Reprint the lines below as they are, minus the pictures.

(Available data)
───
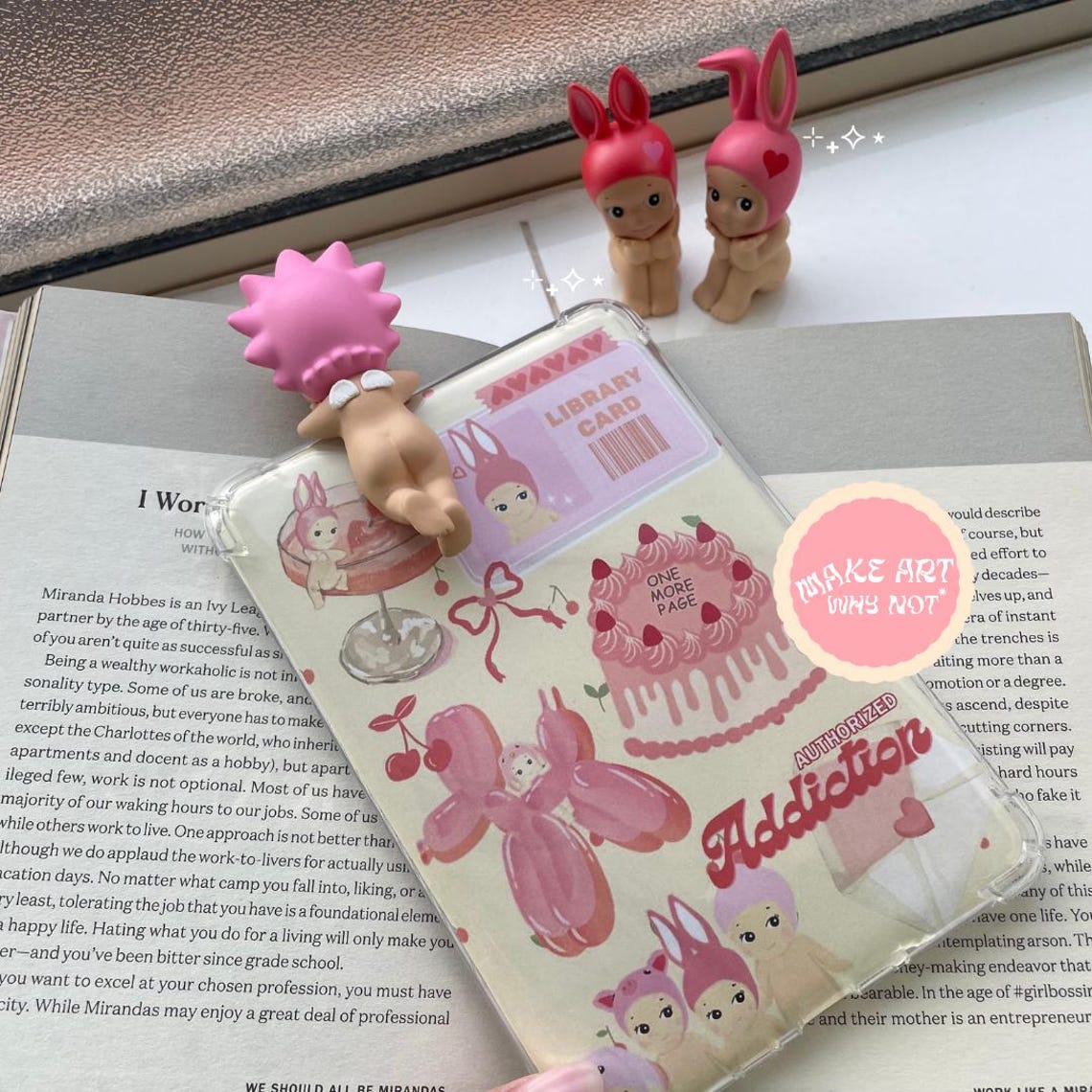Sonny Angel Inspired Kindle Insert DIGITAL - Printable Bookish Sticker ...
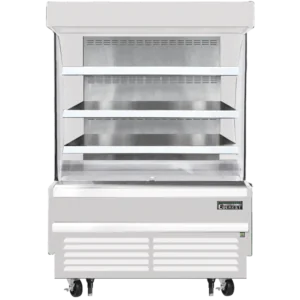 Open Air Merchandiser-Everest EOMV-48-W-28-S Open Air Merchandiser Refrigerator, 48" W, 12.2 Cu Ft, 115V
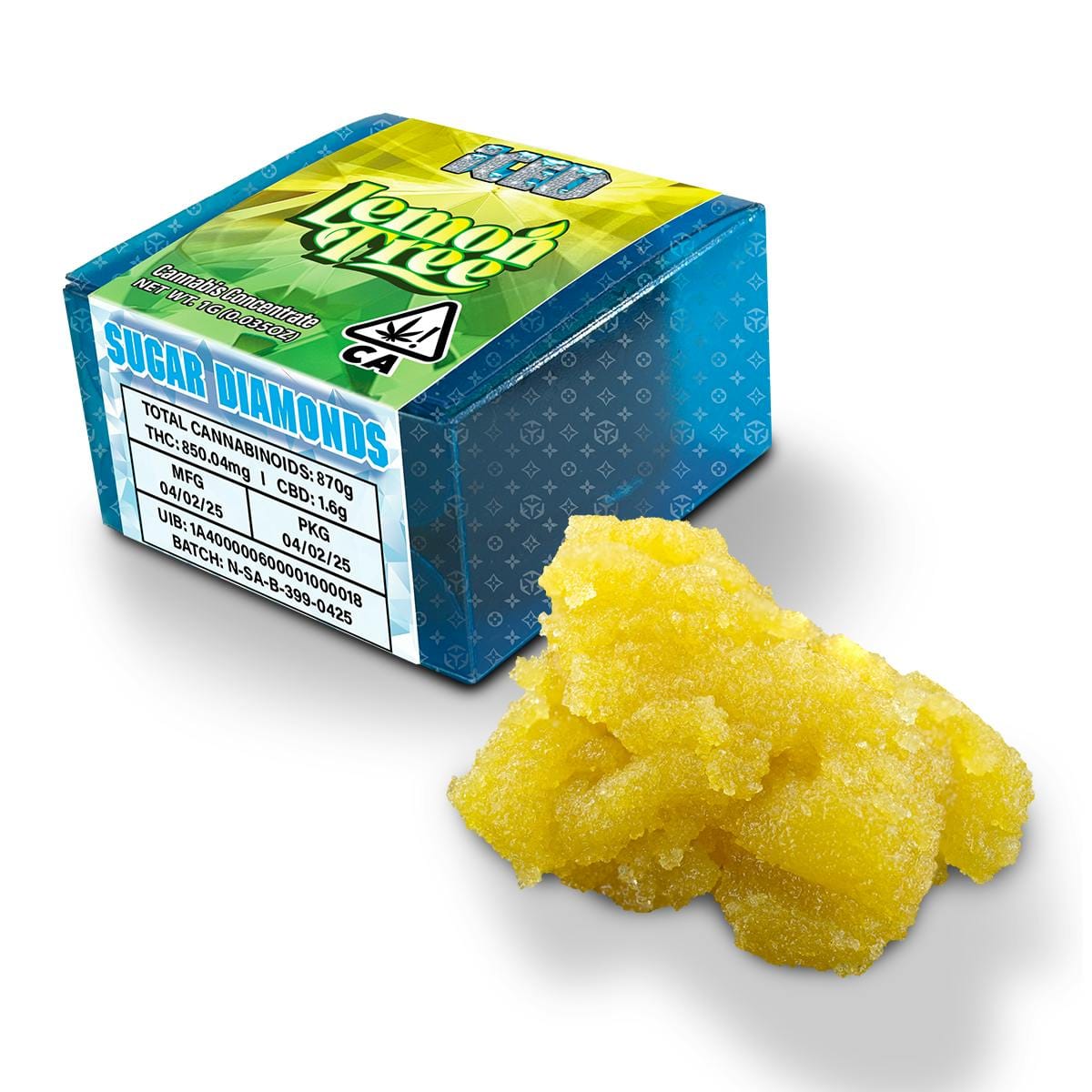 ICED - Packaged Concentrate - 1g - Sugar Diamonds - Lemon Tree - Iced concentrate -  - $13 - Concentrates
───
(Response to the exercise)
Sonny Angel Inspired Kindle Insert DIGITAL - Printable Bookish Sticker ...
 Open Air Merchandiser-Everest EOMV-48-W-28-S Open Air Merchandiser Refrigerator, 48" W, 12.2 Cu Ft, 115V
 ICED - Packaged Concentrate - 1g - Sugar Diamonds - Lemon Tree - Iced concentrate -  - $13 - Concentrates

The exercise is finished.